It is not possible to kill the eggs before they hatch. Lionfish breed by dropping eggs into the water column, which then get fertilzed by the male. The eggs are not attached to anything. Divers are permitted to kill on sight down in the Gulf, however, as you mentioned, not enough are being taken. They are also used in the awuarium trade, however, need specific conditions as they will destroy your reef aquarium and eat anything that moves.
There's a key flaw in the thinking here. For something to be marketed successfully and profitably, the supply chain must be reliable. Lionfish may be "everywhere", but that's quite different from having an efficient, reliably supply chain of them.
I've often wondered why Kudzu wasnt being used as a way to feed certain livestock or even turned into a compost or planting medium...
At least in NC I know of many farmers that use Kudzu to feed their cattle. There are also many people that make wicker furniture from from the vines. My friend's grandma makes Kudzu jelly out of the flowers.
Cows will only eat kudzu if there is nothing else, plus it makes their milk taste funny.
That's only because "kudzu" is a funny word.
I don't know why more people don't hunt wild pigs. There are a lot of them and they are very tasty. :-)
They say the Asian carp taste pretty good too, unlike native carp and they're easy to catch, they jump right into your boat.
Also, I thought I read a few years ago that somebody had found a good use for kudzu, but then I never heard any more about it and there is still a lot of it around.
I vaguely remember that asian carp are not really carp, but a filter feeder that eats the freshwater plankton. This makes them taste better than the bottom feeding carp but also wreaks havoc on the eco system as they consume most of the plankton.
You are correct, the asian carp are filter feeders and beginning to take a toll on the rivers here in IL. We bow-fish for them here on the rivers, as in shoot them with a bow as they jump out of the water. I've yet to eat them, maybe they are tasty, but I don't see myself eating them anytime soon.
The problem with a lot of "river-fish" is that they have too many fish bones you have to pick out before you eat them. But if you know how to prepare them and eat them, they make a tasty dish. Carps are a common dish in China.
As the population continues to rise and food becomes more scarce, I think hunger will take care of the problem. Wonder if the vine of the south is eatable, a person needs their greens.

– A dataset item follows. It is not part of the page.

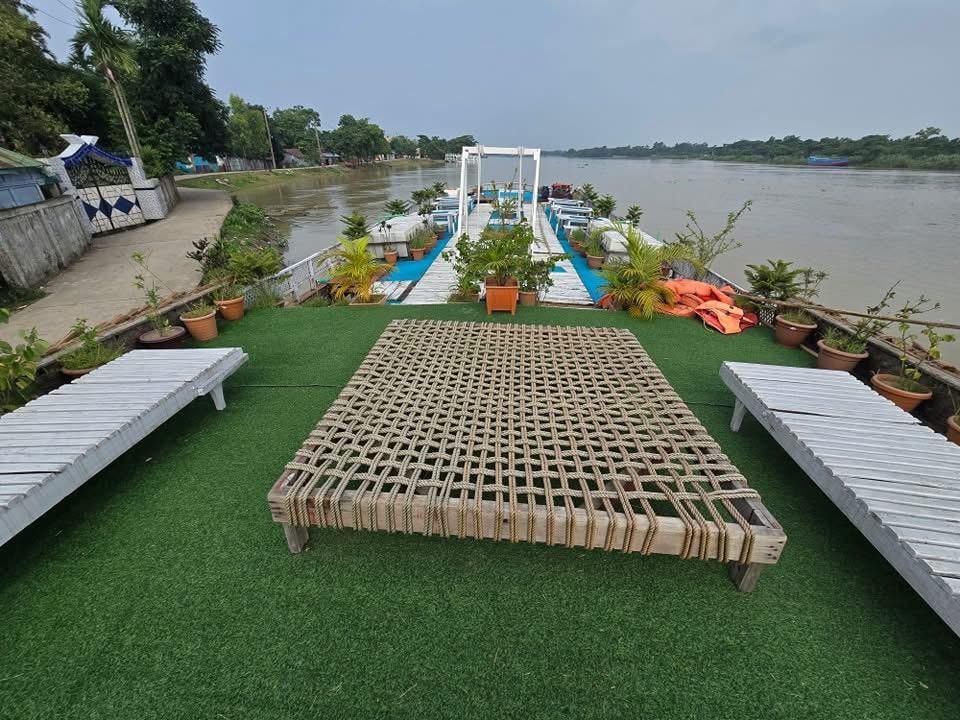 kagojer nouka houseboat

Yes, I have tried Kudzu. It taste like shiiiiiit!
I've heard some people eat the leaves in a salad, but the one that sounds better to me is that my friend's grandma makes jelly from the Kudzu flowers.
Learn more @invasivore.org out of Notre Dame.
By this logic Native Americans should have eaten European settlers the moment they landed on foreign shores. Just saying – what's good for the goose should be good for the gander, right? This is kinda arrogant in my opinion.
Shut up retard.
That may oe of the worst points ever made.
I believe that some of the South American Indians did just that.
alternatively one might call it arrogant to compare the value of a human life to a fish.
He didn't say humans, just brits...
with post like Ben's its safe to say there is a never ending supply of dumba$$' on these pages
Some of them did, and I for one don't see a problem with that. Unfortunately for them, the European settlers were more technologically advanced and won the battle. Fortunate for us however, as the advanced society was intrinsically superior and we are the direct beneficiaries.
A researcher gave a talk to my aquarium club a few years ago about his work with lionfish. He mentioned that when they caught fish for dissection, they saved a bunch of filets in the freezer and cooked them at the end of the trip, and they were superb. In ecological terms, they're devastating - they're in the fish nurseries (especially mangrove areas) and eating the young fish that we depend on to replenish many species. Humans are good at eating animals to extinction - let's work on some of these. EAT INVASIVE SPECIES!
Didn't see lionfish on any menu in Florida during my trips there this year. Maybe Floridian chefs should make that first step.
They are offered around here (MN). A local TV show followed the whole process–from catching to preparation and talking with diners. The people who ate lionfish liked it very much. Prep was similar to walleye and so was the taste (per the diners who tried it). So, there easily could be a large commercial market for it in the US and elsewhere.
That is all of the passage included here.